Des parkings de nuit aux usines désaffectées,  ses deux précédentes séries, Ludovic Lemaître assemble, au fil des années, un puzzle d’où commence à émerger l’objet principal :  les traces de la présence humaine. Des empreintes indélébiles.  Ne sommes-nous pas entrés dans l’époque dite anthropocène ?
Le cadre est urbain, là où la population est la plus concentrée.
La première contrainte, pour le photographe, est de créer des conditions particulières afin de ne pas (trop)croiser ses semblables. Bâtiments abandonnés, parkings fermés au public, clichés pris tôt le matin ou tard le soir…
Dans une longue méditation, il
se place momentanément en retrait d’une certaine société et de ses restes. Aller pour un temps à contre-temps
et dépasser la superficialité du moi social, mondain, parisien…
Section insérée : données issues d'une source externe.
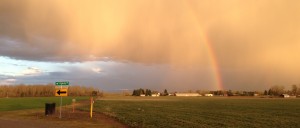 Yellow rain clouds, blue skies, rainbow's end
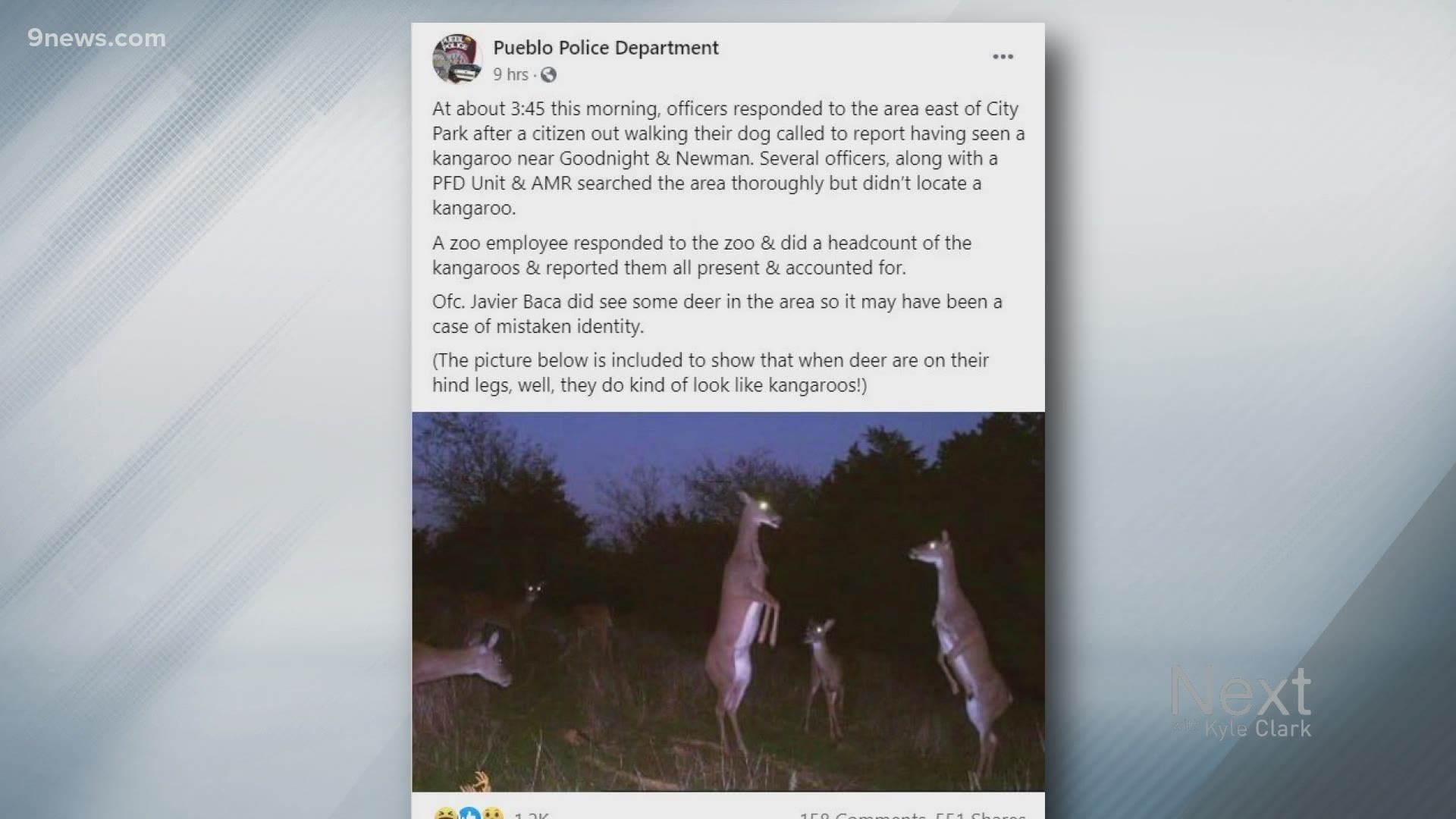 A case of poor animal identification in Pueblo means the search for Surprise the missing wallaby is still on.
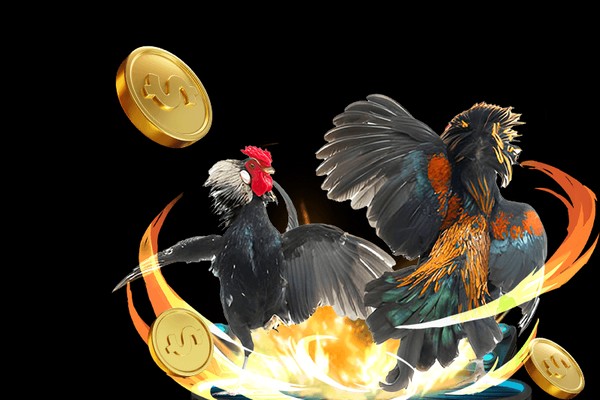 Cá cược Wala tại 8k Bet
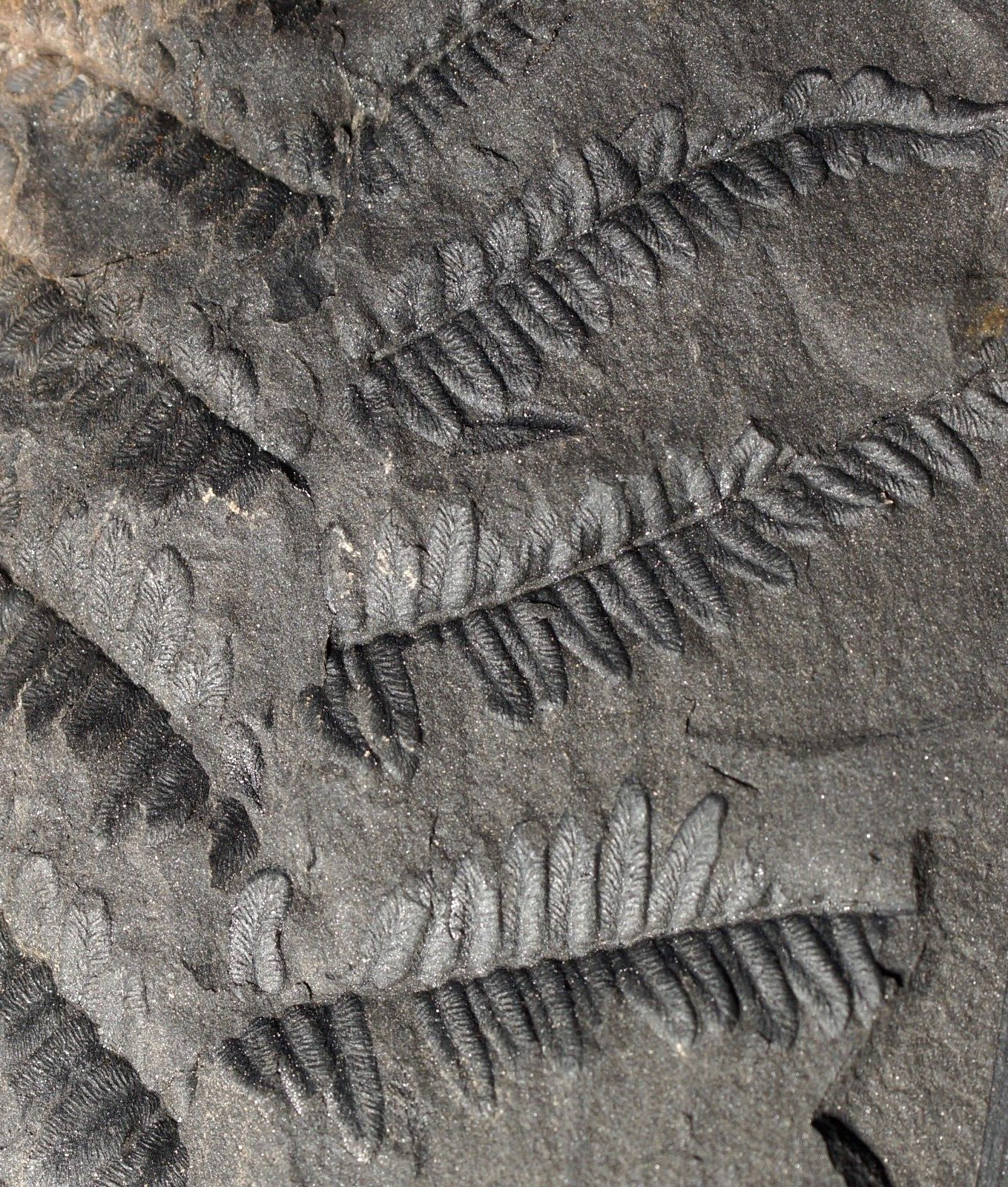 Fossil plant Carboniferous tree seed fern leaf Neuralethopteris leaf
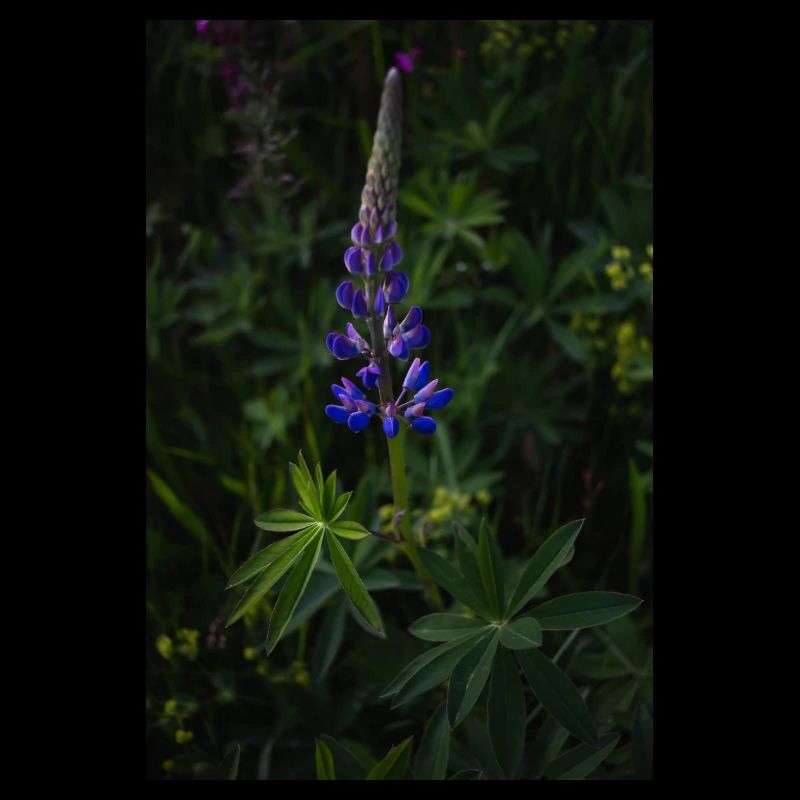 Lupin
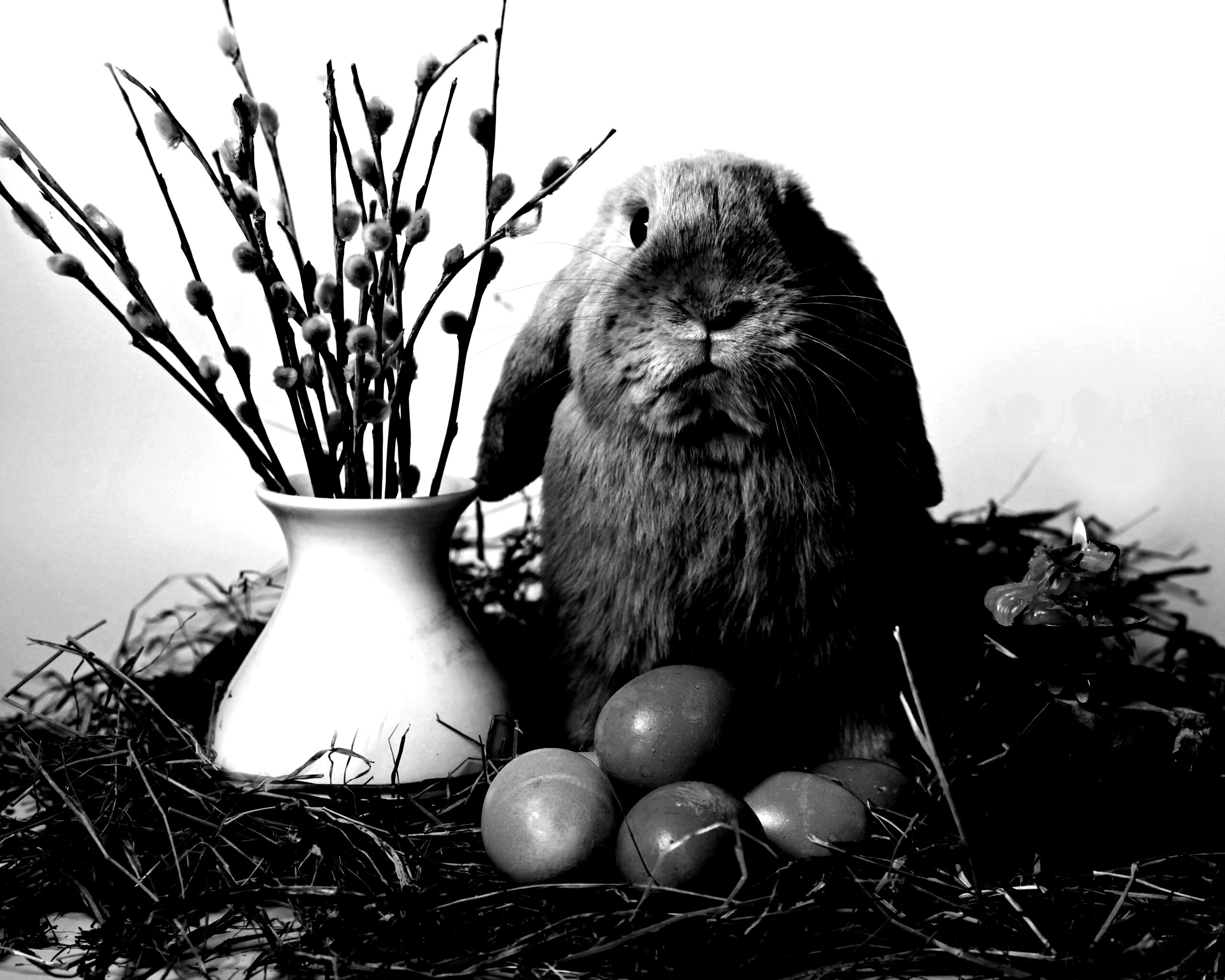 Пасхальный кролик обои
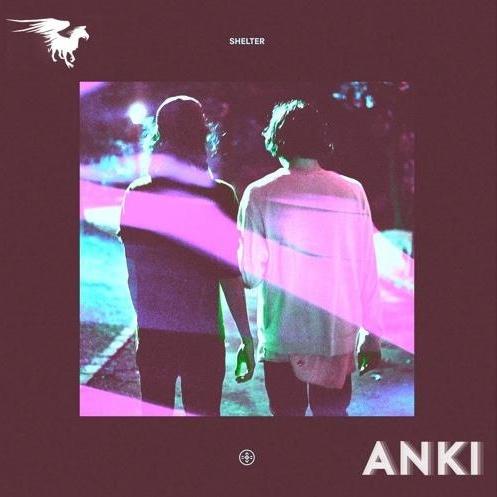 Shelter (Anki Bootleg Remix)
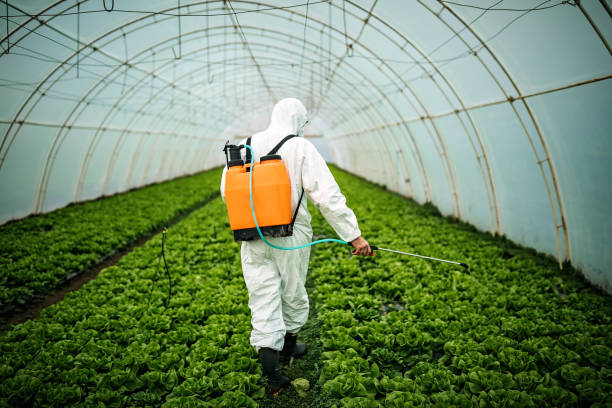 Best Pest Inspection Near Me  in Clear Lake, SD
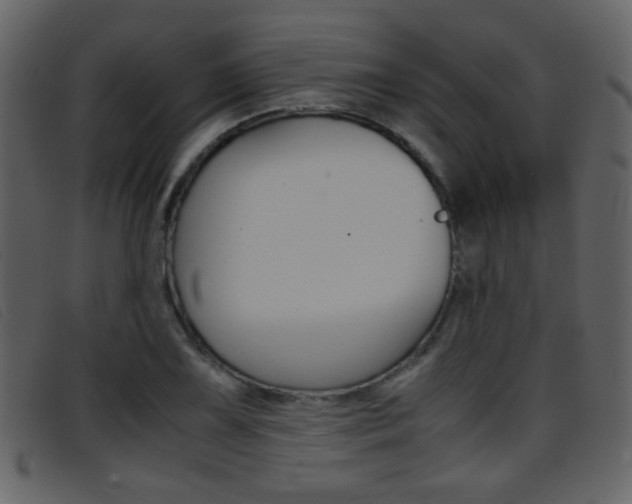 X0000096651075200802050928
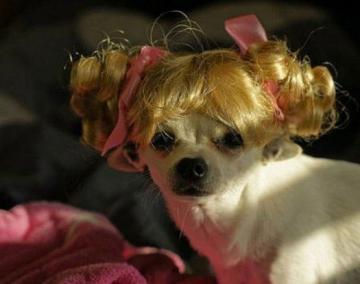 inu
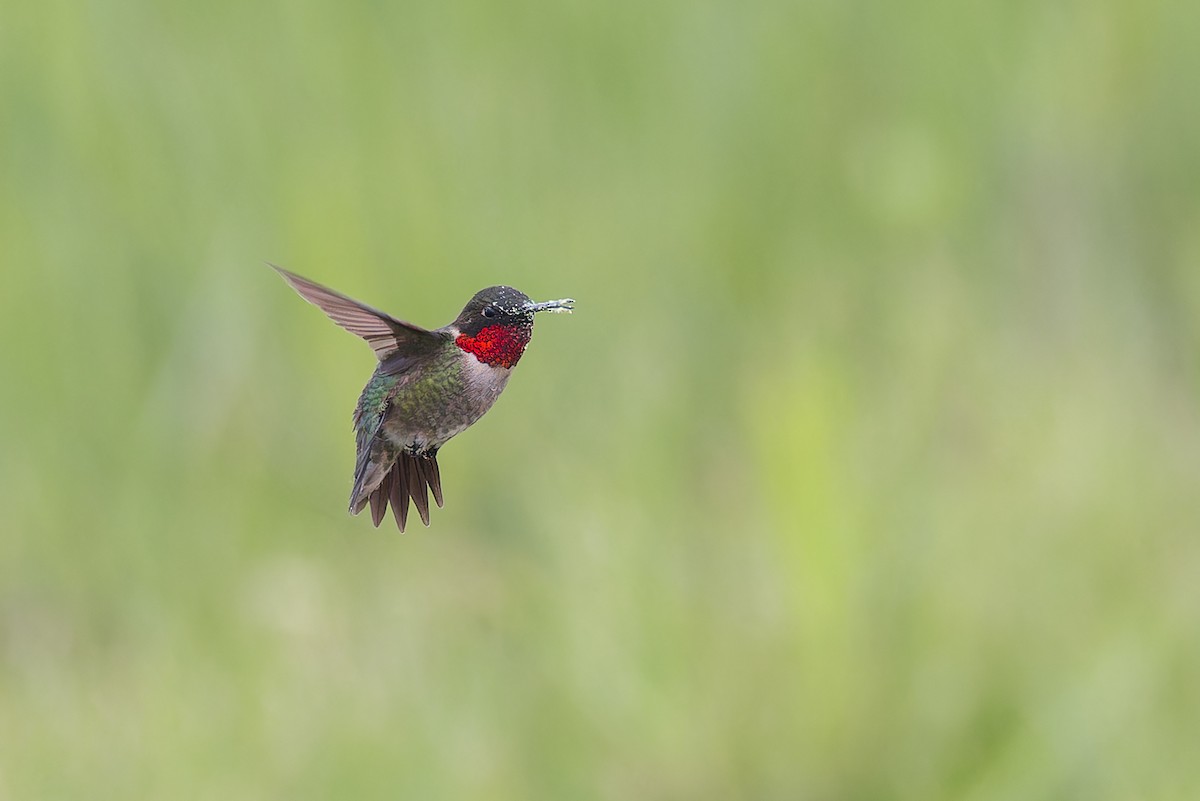 Ruby-throated Hummingbird - ML588608421
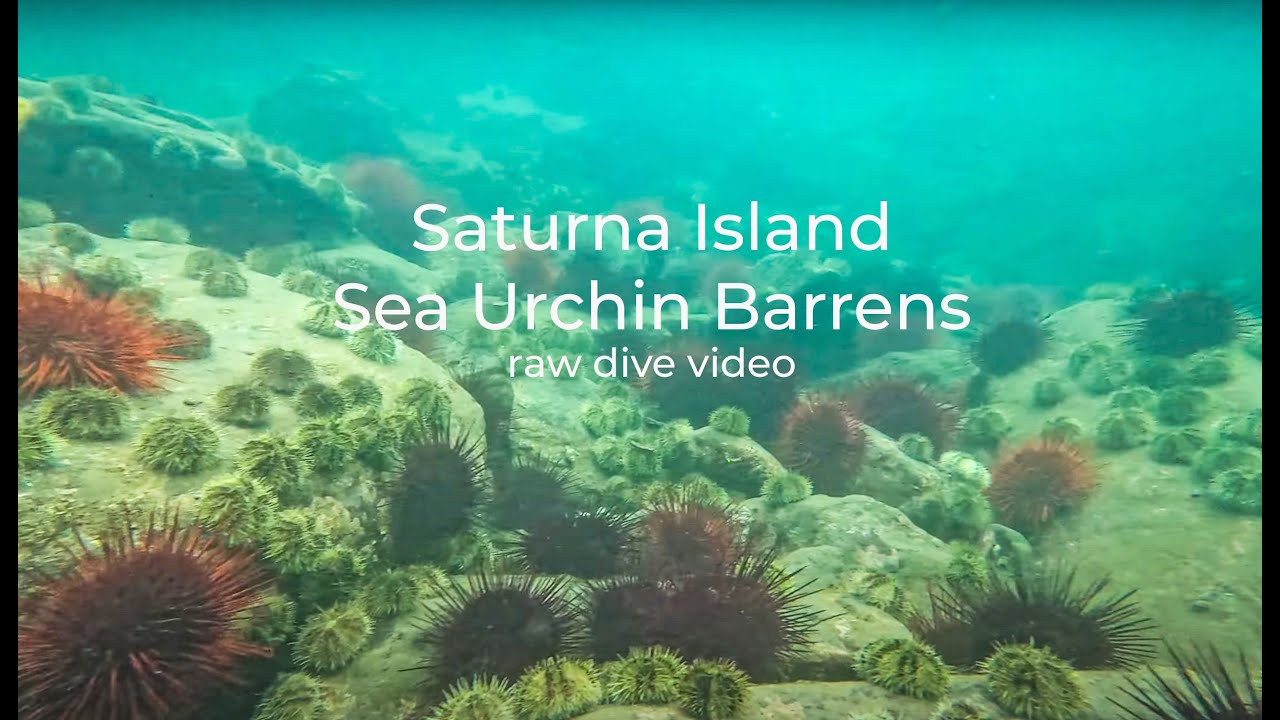 Saturna Island Sea Urchin Barren, raw dive footage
 Alors, est-ce l’image qui est à voir ou l’histoire “avant” et “après” l’image qui révèle l’intention ?
“Il n’y a rien à rationaliser, rien à expliquer” prétend-t-il. “Il suffit que le réel permette de créer une ouverture vers l’imaginaire ; quelle que soit votre interprétation, je vous donnerai raison”.

 

“Je ne cherche pas à me distinguer, je me cherche, comme tout un chacun. Je ne peux pas me contenter de ce que je suis, et qui je pourrais devenir, je l’ignore encore”.

 

Soraya Hamroun

 

 

 

 

 

 

 

Ludovic Lemaître est un photographe-explorateur, il aime être en état d’inconfort, de danger pour prendre ses clichés. Il brave le froid, le vent, la pluie, franchit des bâtisses impraticables, des zones de chantiers, des entrepôts interdits au public, enjambe des obstacles, escalade même en rappel si nécessaire ! Pour se transcender, pour aller au-delà de ses peurs.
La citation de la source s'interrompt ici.